Take part in global study on mental health impact of coronavirus | Research news

Take part in global study on mental health impact of coronavirus

CPFT researchers have launched a critical Covid-19 study for Mental Health Awareness Week, on International Clinical Trials Day.

Anyone over 16 can take a survey online asking how the coronavirus pandemic and lockdown restrictions are affecting their mental health and wellbeing.

CPFT is collaborating with Southern Health NHS Foundation Trust on this global project investigating the psychological impact of coronavirus and how different people are coping.

Clinical Research Nurse Heidi Rice (third left, with the Windsor Research Unit team) is running the study for the Trust.

Heidi said: “People will react differently to coronavirus and the lockdown, and this research is exploring how our emotions, behaviour and wellbeing are affected. We hope to find out what is helpful for people during this time and what may be causing some people more wellbeing problems than others. Everyone is invited to take a short survey to share how they are dealing with changes over several months and help shape how the NHS responds to any future crisis.”

The survey is available here and participants are asked to help the researchers by saying they heard about it from CPFT. You do not have to answer all the questions and you can leave the survey at any time.

Leading the global study, Prof Shanaya Rathod, Consultant Psychiatrist and Director of Research at Southern Health said: “The global impact of Covid-19 will be felt by us for a long time.
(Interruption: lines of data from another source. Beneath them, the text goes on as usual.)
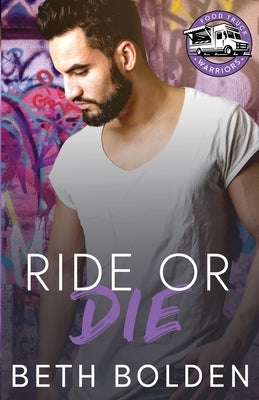 Ride or Die by Bolden, Beth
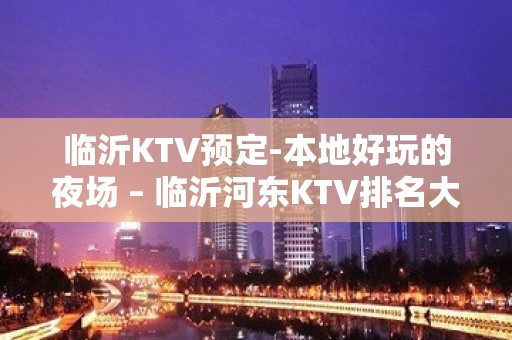 临沂KTV预定-本地好玩的夜场 – 临沂河东KTV排名大全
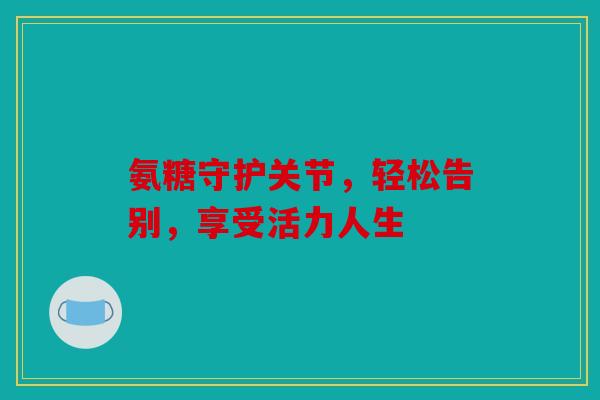 氨糖守护关节，轻松告别，享受活力人生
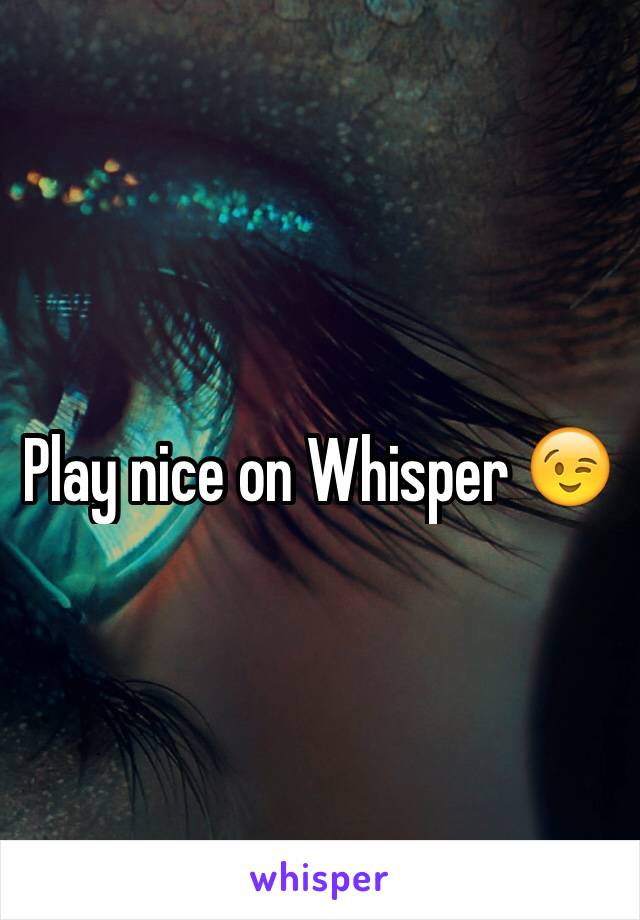 Play nice on Whisper 😉
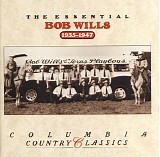 Bob Wills & His Texas Playboys - The Essential Bob Wills (1935-1947)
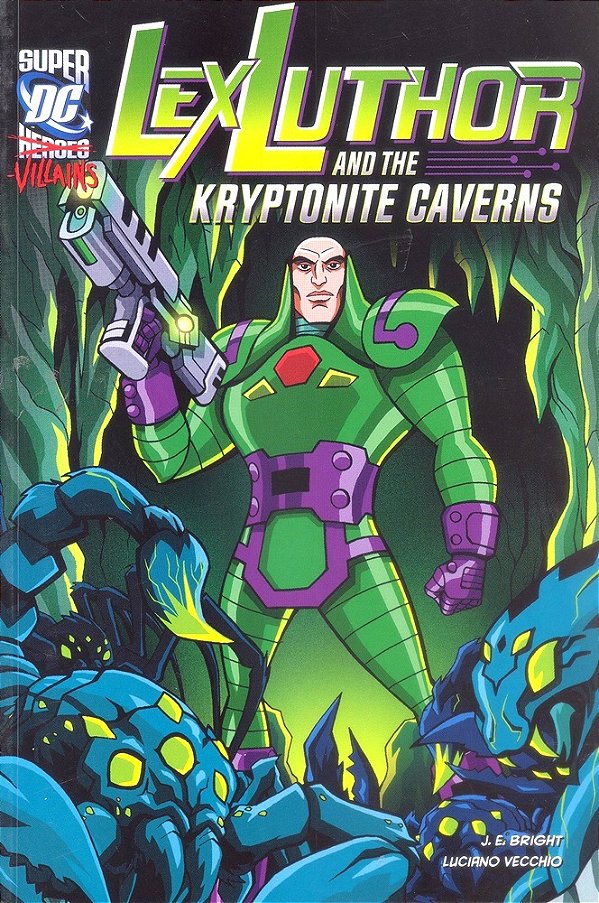 Lex Luthor And The Kryptonite Caverns - DC Super Villains-..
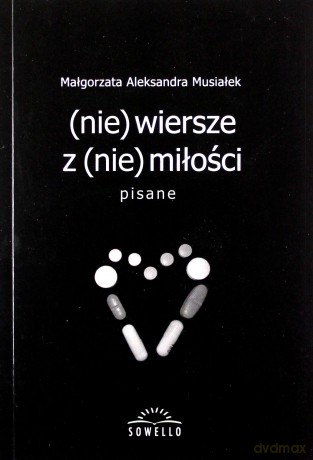 (nie) wiersze z (nie) miłości - Małgorzata Aleksandra Musiałek [KSIĄŻKA]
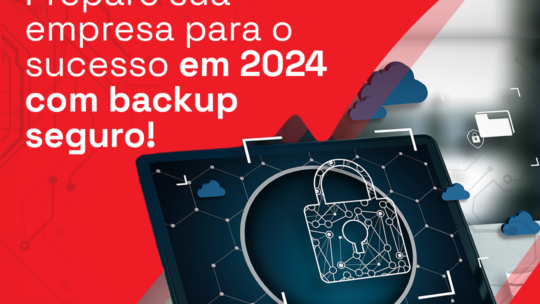 Prepare sua empresa para o sucesso em 2024 com backup seguro.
Our study aims to investigate the psychological impact of Covid-19 on general population, healthcare workers, patients with Covid and individuals with vulnerabilities.”

The study is linked to the Medical Research Council global health research programme led by the Portsmouth-Brawijaya Centre for Global Health, Population, and Policy, University of Portsmouth, the study involves a whole range of partners across the NHS. Mirroring the truly global scale of the pandemic, the study is also being shared by partners across the world, including, Canada, India, Greece, Singapore and Holland amongst others. The study aims to not only look at how the virus has impacted on our own mental health across the UK but then compare it to others from different countries. 
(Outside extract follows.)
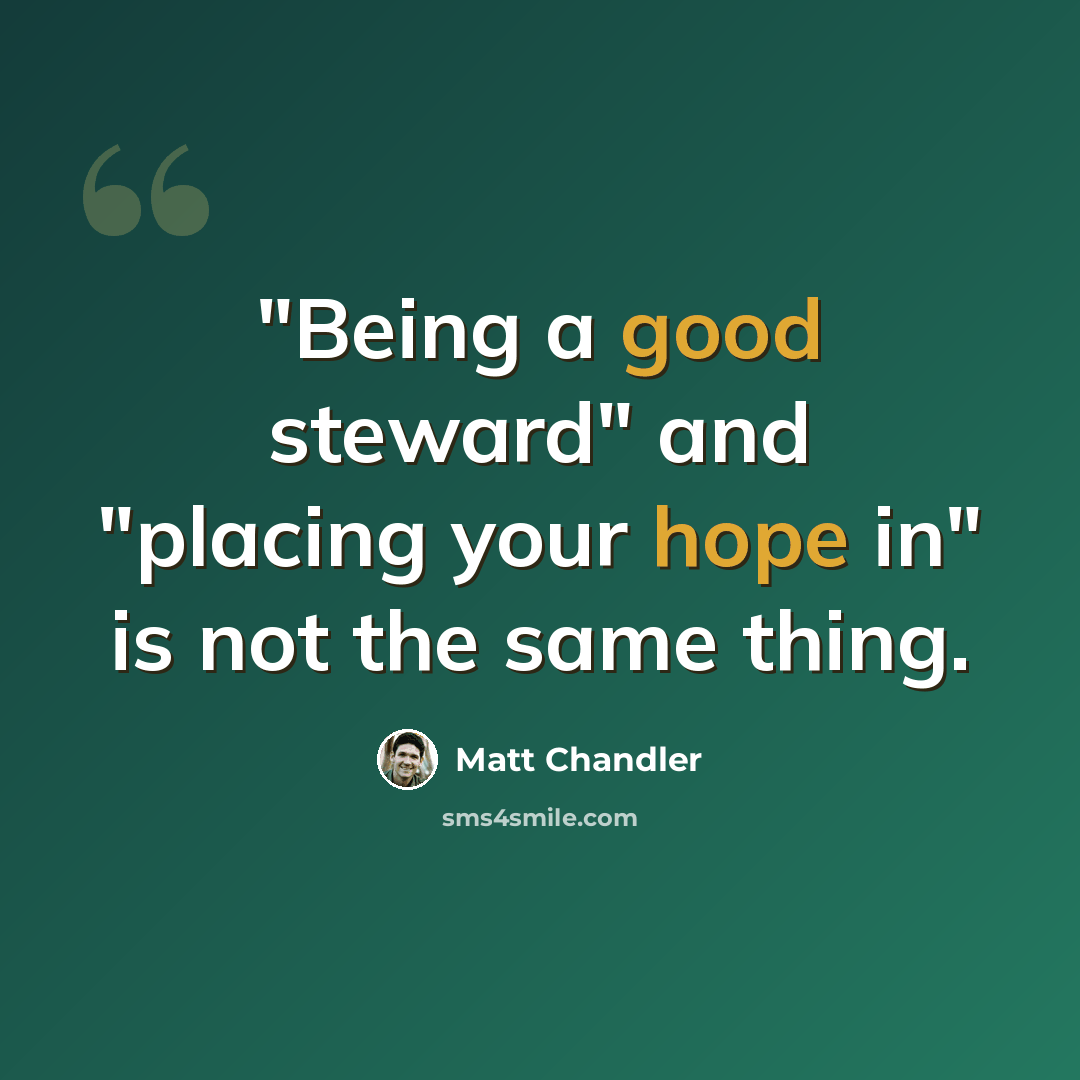 “"Being a good steward" and "placing your hope in" is not the same thing.” quote by Matt Chandler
Professor Rathod added: “The global platform and use of validated questionnaires allows the study to assess the wider impact of culture, political landscapes and impact of different responses in different countries. As a result we will be able to understand and strengthen our ongoing responses and those for any future crisis.”

With over 55 sites across the UK and dozens across the globe getting involved, it is hoped the study will provide researchers and the NHS with much wider view of how the pandemic has affected people. This data can then be used to adapt and improve our responses to future crisis, allowing a more personalised approach to psychological support.